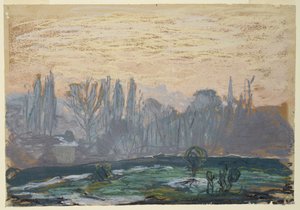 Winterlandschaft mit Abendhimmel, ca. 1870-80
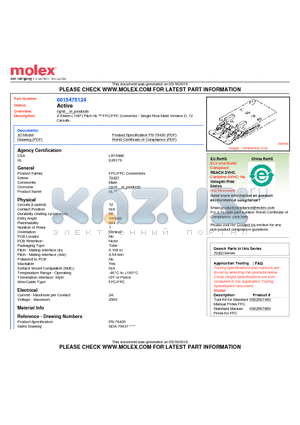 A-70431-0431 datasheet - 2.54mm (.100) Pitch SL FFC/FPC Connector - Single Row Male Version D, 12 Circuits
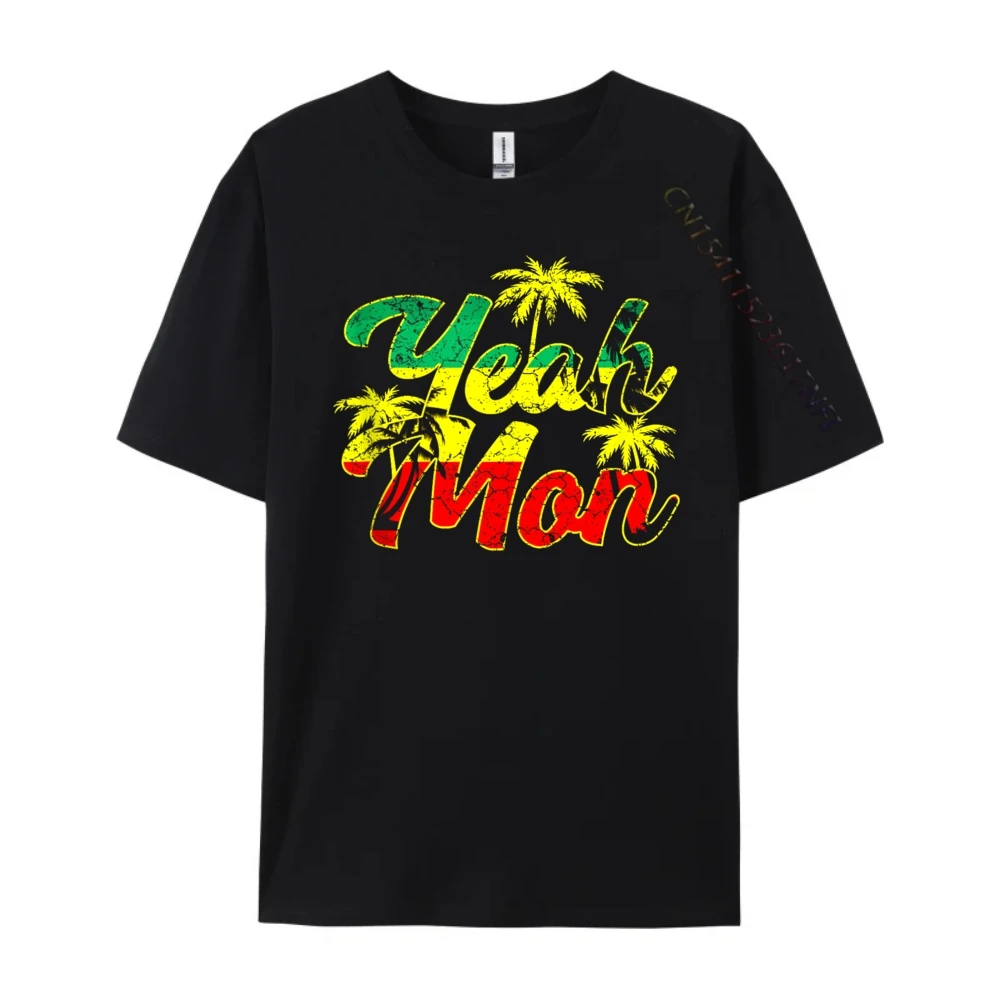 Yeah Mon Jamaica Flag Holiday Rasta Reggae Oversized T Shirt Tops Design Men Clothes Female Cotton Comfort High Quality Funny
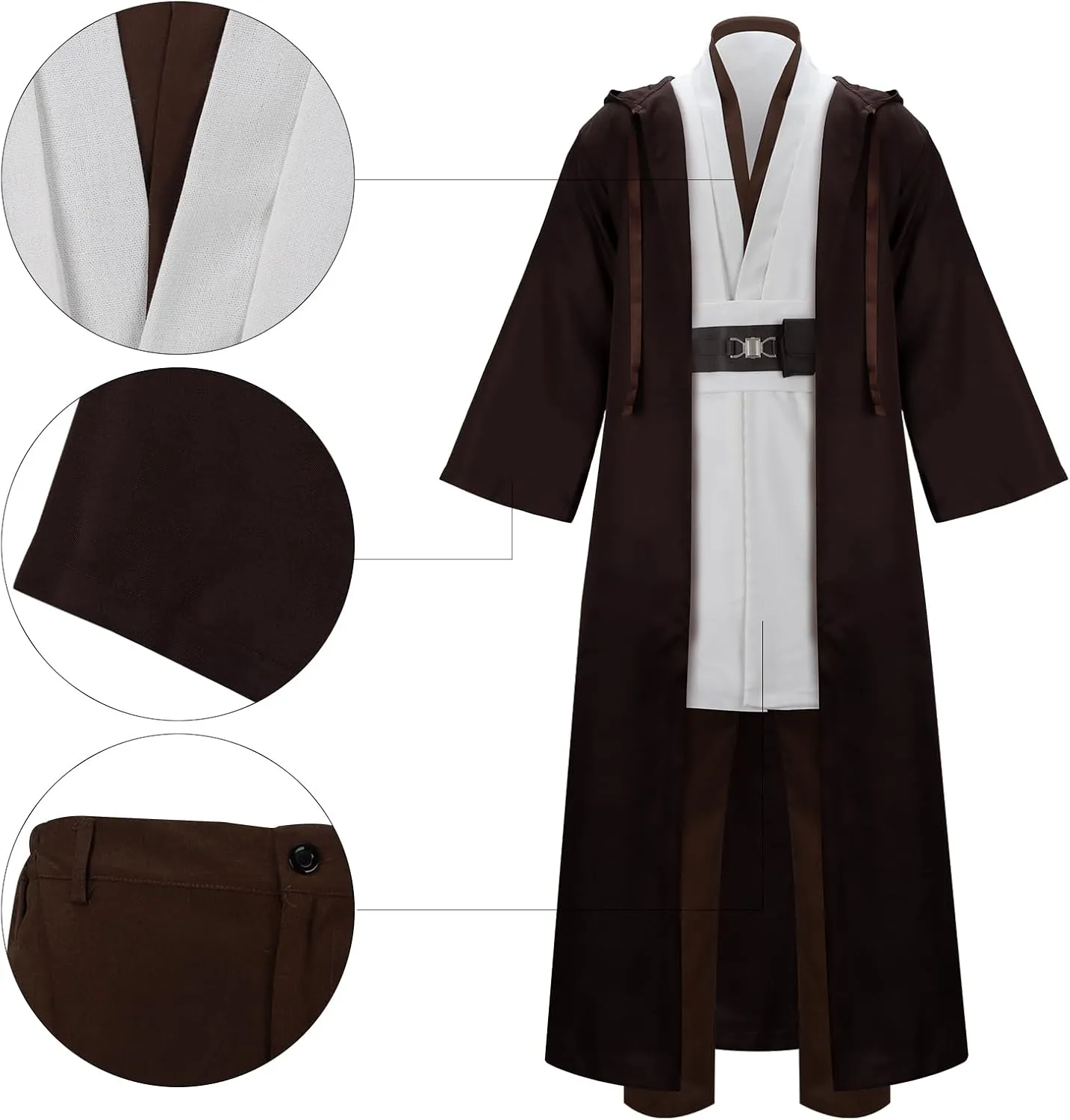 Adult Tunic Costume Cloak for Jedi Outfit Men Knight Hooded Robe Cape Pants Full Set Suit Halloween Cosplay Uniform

> TASK INSTRUCTIONS: Give back the material word for word, leaving out its pictures.

> WORKED SOLUTION:
 Winterlandschaft mit Abendhimmel, ca. 1870-80
 A-70431-0431 datasheet - 2.54mm (.100) Pitch SL FFC/FPC Connector - Single Row Male Version D, 12 Circuits
 Yeah Mon Jamaica Flag Holiday Rasta Reggae Oversized T Shirt Tops Design Men Clothes Female Cotton Comfort High Quality Funny
 Adult Tunic Costume Cloak for Jedi Outfit Men Knight Hooded Robe Cape Pants Full Set Suit Halloween Cosplay Uniform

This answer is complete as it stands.